→ ACTIVITY:
From the listing below, count the lines that contain the string "Brown", then state only that number.

→ LISTED ENTRIES:
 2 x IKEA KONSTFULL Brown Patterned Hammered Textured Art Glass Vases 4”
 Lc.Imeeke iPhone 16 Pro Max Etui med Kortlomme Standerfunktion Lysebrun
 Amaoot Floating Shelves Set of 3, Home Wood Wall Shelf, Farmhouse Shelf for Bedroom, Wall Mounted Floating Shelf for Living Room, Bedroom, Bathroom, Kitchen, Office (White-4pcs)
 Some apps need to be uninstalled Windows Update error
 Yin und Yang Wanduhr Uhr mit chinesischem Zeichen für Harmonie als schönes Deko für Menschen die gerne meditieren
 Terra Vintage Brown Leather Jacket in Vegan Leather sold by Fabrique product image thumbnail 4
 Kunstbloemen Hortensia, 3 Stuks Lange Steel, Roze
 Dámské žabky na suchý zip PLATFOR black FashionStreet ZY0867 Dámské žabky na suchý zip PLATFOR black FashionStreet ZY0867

→ SOLVED EXERCISE:
2